The server is able to serve a few hundred concurrent users on an ordinarily priced piece of hardware. The load is scalable between multiple servers and helps avoid bottlenecks on single servers. Therefore, service capacity can be increased by simply adding additional hardware.

The server runs within a fault tolerant architecture. If one piece of hardware running mTalk Server crashes, the other servers will continue to operate without failure. Once the downed server is successfully recovered, the rest of the servers go back to working in synchrony. Load balancing works much the same. As new components are added to the system while it is running, they are connected to the rest of the gateway.

The Server supports both WAP and SMS services. New bearers and transport protocols are also simple to add.
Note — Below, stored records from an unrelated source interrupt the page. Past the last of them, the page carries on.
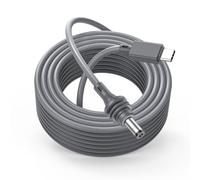 SROMGEE Starlink Mini USB C to DC Power Cable 16.5FT/5M Starlink Mini Cable 18AWG PD 100W USB Type C to Barrel Power Cord 5.5 * 2.1mm Compatible with 100W+ PD Source Waterproof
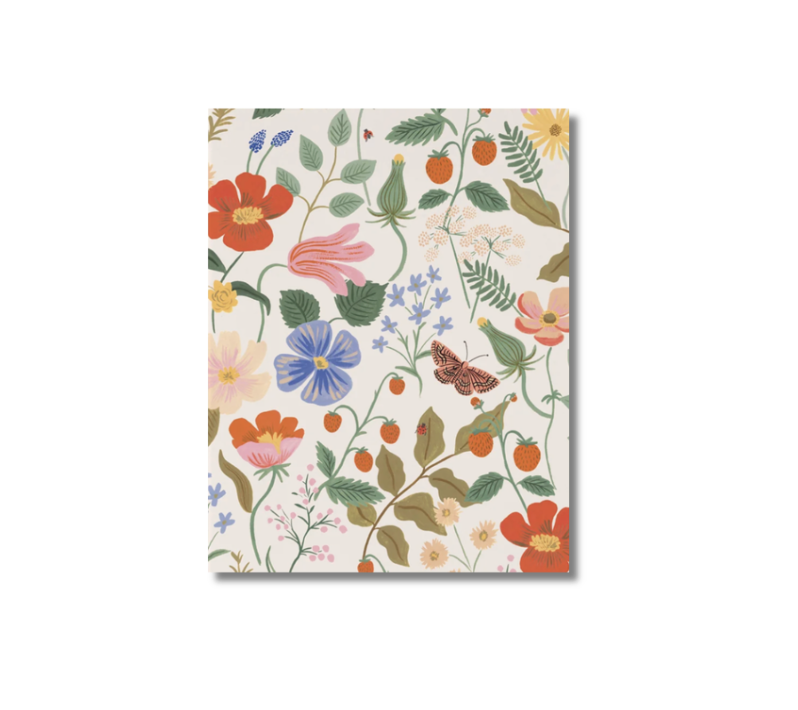 Rifle Paper Co. Card - Strawberry Fields Cream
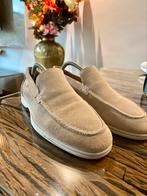 ZGAN Stijlvolle Manfield Beige suède loafers schoenen Mt42, Ophalen of Verzenden, Zo goed als nieuw, Overige kleuren, Loafers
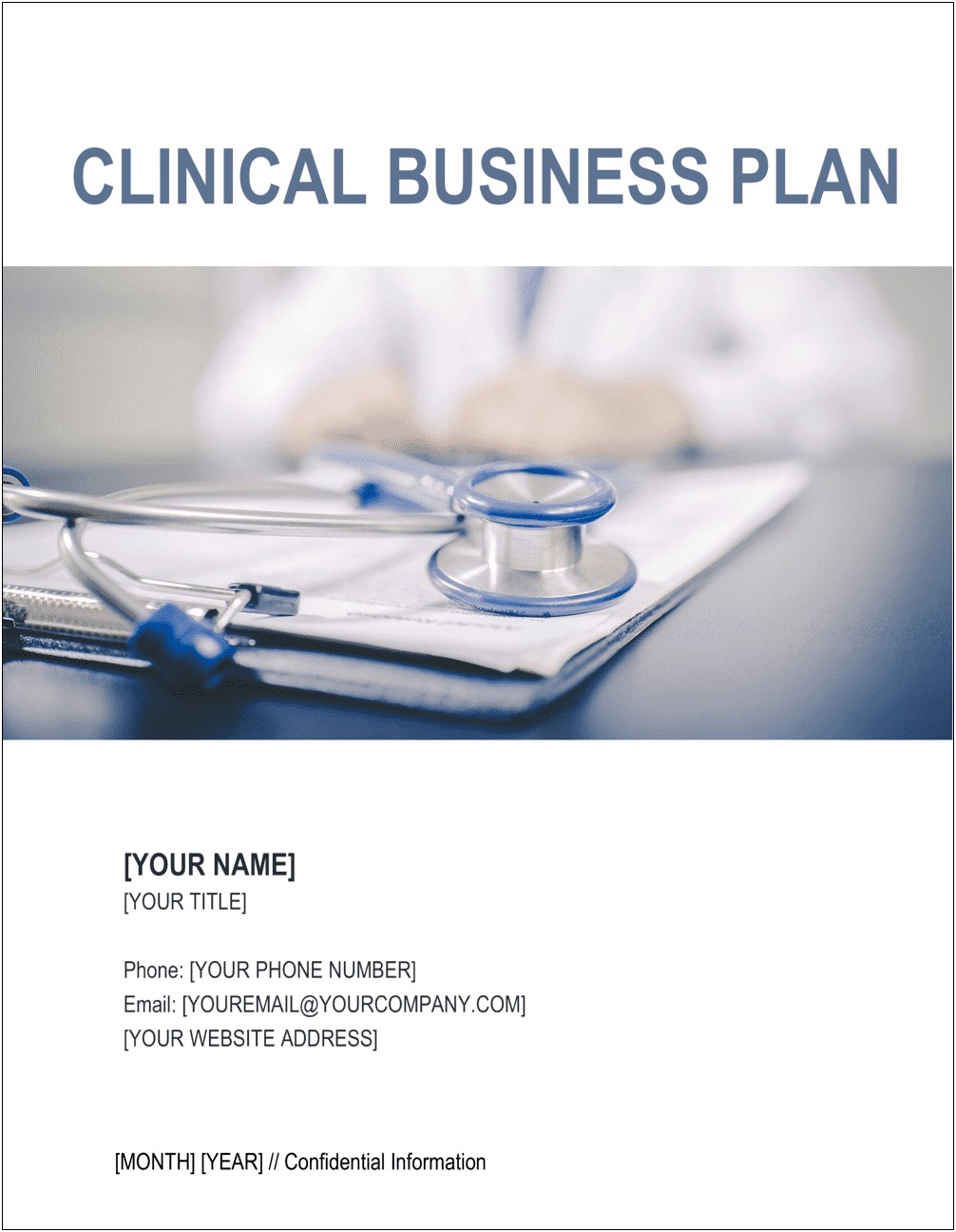 Health Care Business Plan Template Word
The gateway talks to six different kinds of external entities: SMS centers, CSD routers, a workstation for configuring, monitoring and controlling, content servers, clients sending SMS messages via HTTP, and an HTTP proxy. The SMS centers use a variety of mostly proprietary protocols (CIMD, EMI, SMPP) over TCP/IP, modem lines, or other carriers. The gateway supports all SMS center protocols, and it is easy to add new ones as they arise. Communication with phones via CSD routers is plain UDP (of the TCP/IP stack). The c/m/c workstation uses HTTP, and the gateway works as an HTTP server, and similarly for those sending SMS via HTTP. The content servers also use HTTP, but with in their case the gateway is a client. HTTP proxies also use HTTP (but a slightly different kind), and in their case the gateway is also a client.